Alas, many that embarked on this trek, perished along the way. That said, many completed the journey successfully, including a number of tech giants like Netflix and Twitter. Today, microservices continue to gain popularity and are far more common than they once were. The rise of microservices created, and continues to create, new problems to solve and optimizations to make. One such problem was the management of these services.
The rise of microservices fueled the need for a container orchestration framework. An industry standard was set when Kubernetes won the container orchestration wars. This gave developers common paradigms to think about container orchestration, as well as common vocabulary to discuss it. Additionally, cloud providers continued to become more featureful and sophisticated, as well as cheaper and easier to use. More developers and organizations began moving to the cloud.
With more organizations using Kubernetes in the cloud to control microservices, the need for a higher-level tool to manage behavior of services became significantly more apparent than in years past. Service meshes address this need.

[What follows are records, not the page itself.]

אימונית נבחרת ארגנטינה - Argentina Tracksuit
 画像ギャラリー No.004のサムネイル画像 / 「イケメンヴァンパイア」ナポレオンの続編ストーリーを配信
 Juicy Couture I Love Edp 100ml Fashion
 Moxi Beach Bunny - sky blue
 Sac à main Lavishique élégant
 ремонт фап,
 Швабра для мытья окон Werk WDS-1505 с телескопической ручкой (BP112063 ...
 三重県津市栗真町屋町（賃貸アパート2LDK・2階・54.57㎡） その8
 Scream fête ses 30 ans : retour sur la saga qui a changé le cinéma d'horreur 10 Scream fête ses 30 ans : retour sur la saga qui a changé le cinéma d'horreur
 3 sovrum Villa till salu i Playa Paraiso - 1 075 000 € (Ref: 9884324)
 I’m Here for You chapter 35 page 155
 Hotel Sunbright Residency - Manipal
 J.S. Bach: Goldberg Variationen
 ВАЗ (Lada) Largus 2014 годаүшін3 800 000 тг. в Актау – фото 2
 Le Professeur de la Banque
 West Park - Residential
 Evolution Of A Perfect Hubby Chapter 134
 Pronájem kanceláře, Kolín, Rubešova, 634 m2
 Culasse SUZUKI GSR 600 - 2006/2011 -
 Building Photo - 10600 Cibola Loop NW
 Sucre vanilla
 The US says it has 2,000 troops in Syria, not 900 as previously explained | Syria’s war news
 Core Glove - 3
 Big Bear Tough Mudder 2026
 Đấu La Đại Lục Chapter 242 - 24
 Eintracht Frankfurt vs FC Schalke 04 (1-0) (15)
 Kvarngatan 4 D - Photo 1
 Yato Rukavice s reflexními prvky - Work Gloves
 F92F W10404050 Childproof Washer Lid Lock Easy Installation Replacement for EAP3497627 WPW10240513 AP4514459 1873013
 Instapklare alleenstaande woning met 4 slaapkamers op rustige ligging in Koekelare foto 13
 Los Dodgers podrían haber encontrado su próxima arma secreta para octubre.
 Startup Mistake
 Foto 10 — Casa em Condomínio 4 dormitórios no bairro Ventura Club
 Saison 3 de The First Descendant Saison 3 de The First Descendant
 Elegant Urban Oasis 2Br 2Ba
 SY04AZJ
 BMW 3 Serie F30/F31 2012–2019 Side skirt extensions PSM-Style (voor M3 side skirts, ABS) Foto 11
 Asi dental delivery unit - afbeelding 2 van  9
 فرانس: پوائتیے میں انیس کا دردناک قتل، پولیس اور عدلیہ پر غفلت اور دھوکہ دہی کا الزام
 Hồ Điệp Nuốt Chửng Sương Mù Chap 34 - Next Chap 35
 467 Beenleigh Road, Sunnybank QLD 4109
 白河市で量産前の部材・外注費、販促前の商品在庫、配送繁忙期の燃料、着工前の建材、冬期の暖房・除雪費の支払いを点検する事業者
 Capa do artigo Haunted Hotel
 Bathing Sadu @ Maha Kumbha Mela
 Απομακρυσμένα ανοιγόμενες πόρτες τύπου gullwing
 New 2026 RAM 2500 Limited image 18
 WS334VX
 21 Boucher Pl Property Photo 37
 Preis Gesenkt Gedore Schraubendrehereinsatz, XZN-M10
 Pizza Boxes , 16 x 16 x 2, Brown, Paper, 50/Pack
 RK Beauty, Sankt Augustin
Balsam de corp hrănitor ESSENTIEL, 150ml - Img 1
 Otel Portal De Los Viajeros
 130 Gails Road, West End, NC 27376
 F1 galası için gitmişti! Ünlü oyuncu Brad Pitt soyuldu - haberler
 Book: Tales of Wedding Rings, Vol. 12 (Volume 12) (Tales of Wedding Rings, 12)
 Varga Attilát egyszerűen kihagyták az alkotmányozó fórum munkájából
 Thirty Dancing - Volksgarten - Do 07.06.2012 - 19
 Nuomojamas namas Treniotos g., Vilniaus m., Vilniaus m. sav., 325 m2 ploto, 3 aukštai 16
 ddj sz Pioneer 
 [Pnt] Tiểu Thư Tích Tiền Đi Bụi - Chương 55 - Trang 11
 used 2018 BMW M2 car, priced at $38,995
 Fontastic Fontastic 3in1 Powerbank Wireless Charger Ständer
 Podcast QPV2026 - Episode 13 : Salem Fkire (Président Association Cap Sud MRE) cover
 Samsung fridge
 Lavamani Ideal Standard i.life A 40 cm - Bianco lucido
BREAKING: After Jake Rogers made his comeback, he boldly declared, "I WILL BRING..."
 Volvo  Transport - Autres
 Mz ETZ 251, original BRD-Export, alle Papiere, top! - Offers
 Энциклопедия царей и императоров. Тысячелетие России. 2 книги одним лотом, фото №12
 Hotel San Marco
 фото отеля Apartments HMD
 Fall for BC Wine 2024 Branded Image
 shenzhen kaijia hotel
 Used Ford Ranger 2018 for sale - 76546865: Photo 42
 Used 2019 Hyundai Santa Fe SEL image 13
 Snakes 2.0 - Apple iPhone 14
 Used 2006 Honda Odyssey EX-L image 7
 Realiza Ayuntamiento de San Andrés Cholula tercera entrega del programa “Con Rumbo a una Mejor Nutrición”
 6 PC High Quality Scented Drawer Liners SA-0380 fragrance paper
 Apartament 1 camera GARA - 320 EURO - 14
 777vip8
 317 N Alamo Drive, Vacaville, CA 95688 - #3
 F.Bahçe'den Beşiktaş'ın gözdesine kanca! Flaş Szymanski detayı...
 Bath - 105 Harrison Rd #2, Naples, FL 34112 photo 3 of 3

So, do you actually need to care about service meshes? This is an important question to answer, especially if you’re working in a platform role. Of course, if you’re interested in service meshes, then feel free to take the plunge. But, if you don’t want to go down the rabbit hole, here is a decision tree that will make life easier.
For what it’s worth, service meshes don’t seem like they’re a fad; they are here to stay. That said, you don’t need to use one. It’s simply another tool for solving organizational and software development-related problems. Like anything else, if you want to understand what the service mesh hype is all about, try it out yourself.
We will continue to see tools built to address problems stemming from the rise of microservices, Kubernetes, and cloud providers. The service mesh is one such tool that has been built to address these problems; it is not a silver bullet.